Alternating between strident tones and a more hushed, melancholic timbre, the essence and strengths of The Left Outsides are here ably condensed within this one song. Nicholas takes the lead vocals on the 60’s tinged ‘Only Time Will Tell’, tense strings adorning some genuinely electrifying guitar work, not unlike if Syd Barrett had briefly joined Fairport Convention in some alternate timeline or universe. ‘Séance’ (originally from the ‘Help The Witch’ compilation album) slows the pace, a mournful madrigal that chills the bone to such an extent that you can almost see your breath whilst listening, whilst the equally sombre ‘As Night Falls’ is led in to the sound of church bells and weeping violin, culminating in a twilight lament that lingers with the listener long after the end of the song. ‘Things Can Never Be the Same Again’ follows, the widescreen cries of the slide guitar and Cotton’s haunting delivery evoking a particularly spectral David Lynch film. Suggestive of monochrome scenes of endless night skies over the desert, this would be the perfect soundtrack to an especially noir and unsettling road movie.

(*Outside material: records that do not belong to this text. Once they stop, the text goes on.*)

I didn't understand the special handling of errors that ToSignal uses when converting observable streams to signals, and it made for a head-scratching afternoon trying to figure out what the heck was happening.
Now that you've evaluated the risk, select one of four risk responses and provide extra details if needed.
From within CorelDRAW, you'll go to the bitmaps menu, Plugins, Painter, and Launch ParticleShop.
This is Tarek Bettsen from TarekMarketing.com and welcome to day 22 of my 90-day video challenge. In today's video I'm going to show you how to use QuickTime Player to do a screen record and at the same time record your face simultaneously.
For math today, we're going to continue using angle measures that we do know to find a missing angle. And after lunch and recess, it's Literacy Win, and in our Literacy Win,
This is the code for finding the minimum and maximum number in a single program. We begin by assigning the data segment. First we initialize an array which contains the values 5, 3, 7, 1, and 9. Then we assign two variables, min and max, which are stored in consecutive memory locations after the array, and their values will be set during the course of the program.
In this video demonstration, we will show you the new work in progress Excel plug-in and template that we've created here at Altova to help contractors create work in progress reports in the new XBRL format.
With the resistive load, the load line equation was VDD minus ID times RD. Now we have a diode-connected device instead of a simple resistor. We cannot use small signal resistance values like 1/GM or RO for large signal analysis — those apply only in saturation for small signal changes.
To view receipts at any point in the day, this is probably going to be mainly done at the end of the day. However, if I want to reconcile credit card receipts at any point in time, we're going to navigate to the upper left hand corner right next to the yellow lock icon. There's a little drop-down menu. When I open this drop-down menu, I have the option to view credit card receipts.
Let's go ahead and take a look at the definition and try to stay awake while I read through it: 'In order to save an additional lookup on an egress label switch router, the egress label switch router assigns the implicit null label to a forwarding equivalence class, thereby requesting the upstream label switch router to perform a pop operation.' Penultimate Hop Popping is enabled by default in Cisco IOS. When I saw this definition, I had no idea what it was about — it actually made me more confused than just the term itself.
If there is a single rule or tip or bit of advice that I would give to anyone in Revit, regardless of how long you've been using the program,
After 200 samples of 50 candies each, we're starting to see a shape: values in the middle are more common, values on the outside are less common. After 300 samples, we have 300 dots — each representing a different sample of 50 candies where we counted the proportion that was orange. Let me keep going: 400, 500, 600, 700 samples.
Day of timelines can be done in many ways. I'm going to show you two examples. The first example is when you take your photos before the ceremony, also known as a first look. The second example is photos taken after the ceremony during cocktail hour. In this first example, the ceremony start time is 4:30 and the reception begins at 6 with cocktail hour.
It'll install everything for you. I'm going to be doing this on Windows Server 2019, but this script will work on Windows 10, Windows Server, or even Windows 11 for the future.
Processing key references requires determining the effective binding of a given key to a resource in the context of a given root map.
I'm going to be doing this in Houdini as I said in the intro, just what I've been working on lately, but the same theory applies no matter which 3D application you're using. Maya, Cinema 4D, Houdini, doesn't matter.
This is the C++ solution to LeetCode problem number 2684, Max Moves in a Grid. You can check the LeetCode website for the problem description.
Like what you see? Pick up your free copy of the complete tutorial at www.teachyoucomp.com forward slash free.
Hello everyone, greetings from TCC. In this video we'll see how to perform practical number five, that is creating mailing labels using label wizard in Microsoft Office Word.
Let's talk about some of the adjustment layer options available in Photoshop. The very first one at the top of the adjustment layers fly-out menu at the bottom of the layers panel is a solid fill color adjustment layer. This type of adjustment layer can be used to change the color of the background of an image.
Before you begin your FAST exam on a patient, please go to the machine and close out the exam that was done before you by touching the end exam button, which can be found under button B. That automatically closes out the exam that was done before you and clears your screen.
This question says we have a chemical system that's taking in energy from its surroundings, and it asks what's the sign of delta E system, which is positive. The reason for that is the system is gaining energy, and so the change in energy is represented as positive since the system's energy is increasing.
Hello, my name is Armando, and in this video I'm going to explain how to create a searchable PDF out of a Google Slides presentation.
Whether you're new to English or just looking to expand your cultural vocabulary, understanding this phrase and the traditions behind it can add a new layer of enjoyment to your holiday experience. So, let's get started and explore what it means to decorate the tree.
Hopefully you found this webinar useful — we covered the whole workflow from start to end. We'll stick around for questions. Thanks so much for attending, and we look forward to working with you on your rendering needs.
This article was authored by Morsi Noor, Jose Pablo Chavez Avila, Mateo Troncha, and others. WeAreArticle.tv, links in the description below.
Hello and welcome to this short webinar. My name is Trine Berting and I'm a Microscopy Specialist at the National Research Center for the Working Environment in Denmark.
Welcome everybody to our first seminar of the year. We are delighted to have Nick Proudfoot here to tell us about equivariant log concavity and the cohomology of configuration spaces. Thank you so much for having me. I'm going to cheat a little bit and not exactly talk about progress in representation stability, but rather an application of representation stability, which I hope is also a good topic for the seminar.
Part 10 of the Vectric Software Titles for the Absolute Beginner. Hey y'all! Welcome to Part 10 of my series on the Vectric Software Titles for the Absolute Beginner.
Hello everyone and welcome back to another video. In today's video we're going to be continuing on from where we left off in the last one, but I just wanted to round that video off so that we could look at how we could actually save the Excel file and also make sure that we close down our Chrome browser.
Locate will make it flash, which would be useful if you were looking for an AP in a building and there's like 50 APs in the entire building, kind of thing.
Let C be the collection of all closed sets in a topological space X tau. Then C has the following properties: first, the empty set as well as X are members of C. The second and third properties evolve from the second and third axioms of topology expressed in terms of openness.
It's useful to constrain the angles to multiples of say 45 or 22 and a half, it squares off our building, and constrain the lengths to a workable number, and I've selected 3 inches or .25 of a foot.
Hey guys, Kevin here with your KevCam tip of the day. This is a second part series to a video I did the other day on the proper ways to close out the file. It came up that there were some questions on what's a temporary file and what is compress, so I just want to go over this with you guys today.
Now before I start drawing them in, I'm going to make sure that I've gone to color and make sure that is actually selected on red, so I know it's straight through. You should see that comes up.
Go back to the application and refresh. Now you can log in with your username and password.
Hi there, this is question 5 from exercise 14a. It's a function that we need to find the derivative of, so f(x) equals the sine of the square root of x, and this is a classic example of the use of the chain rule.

Next, ‘November On My Mind’ comes on like a wintry ‘California Dreaming’, a brief but perfect piece of icy chamber folk. ‘The Stone Barn’ is potentially the brightest of all the jewels on this album, a stately ballad replete with buzzing guitars and ghostly harmonies that bleed atmosphere, and is surely a future classic in the making. Indeed, one can imagine ‘Are You Sure I Was There?’ appearing in ‘albums you must own’ lists decades from now, its timeless and infectious moods and careful sonic details pored over and beloved by future generations. ‘Between The Lines’ is a case in point, a deceptively simple and melancholy slice of baroque folk pop which is in fact a layered and beautifully adorned gem, from Cotton’s spellbinding backing vocals to the molten bursts of guitar that punctuate the hum of harmonium and cascading violin. ‘My Reflection Once Was Me’, a studio version of the centrepiece from the in concert ‘A Place To Hide’, is by turns breathtaking and terrifying, a frozen slice of processionary acid folk that recalls Stone Angel or Steeleye Span at their peak, as well as at their darkest. By contrast, ‘A Face in The Crowd’s witchy electrified folk pop is lighter hued, an electrified but gentle wash of buzzing guitars, trembling strings and warm vocal harmonies. Finally, closer ‘Pictures of You’ is brim full with a warm, sepia tinted nostalgia, piano notes underscoring a series of genuinely heartrending guitar runs and Nicholas’s plaintive voice.
Not just another fine entry in The Left Outsides already considerably impressive canon of releases, ’Are You Sure I Was There?’ is also a tangible step forward in marrying this special band’s icy grandeur and cinematic capabilities, to produce music that truly soars and takes the listener somewhere not just in terms of sound, but also visually. The Left Outsides have always carried emotional heft with their writing, but here their music goes several stages deeper in its transportive and immersive power, conjuring imagery and entire worlds for the listener. It is genuinely exciting to think where they might go next, but in the meantime, ‘Are You Sure I Was There?’ is essential winter listening.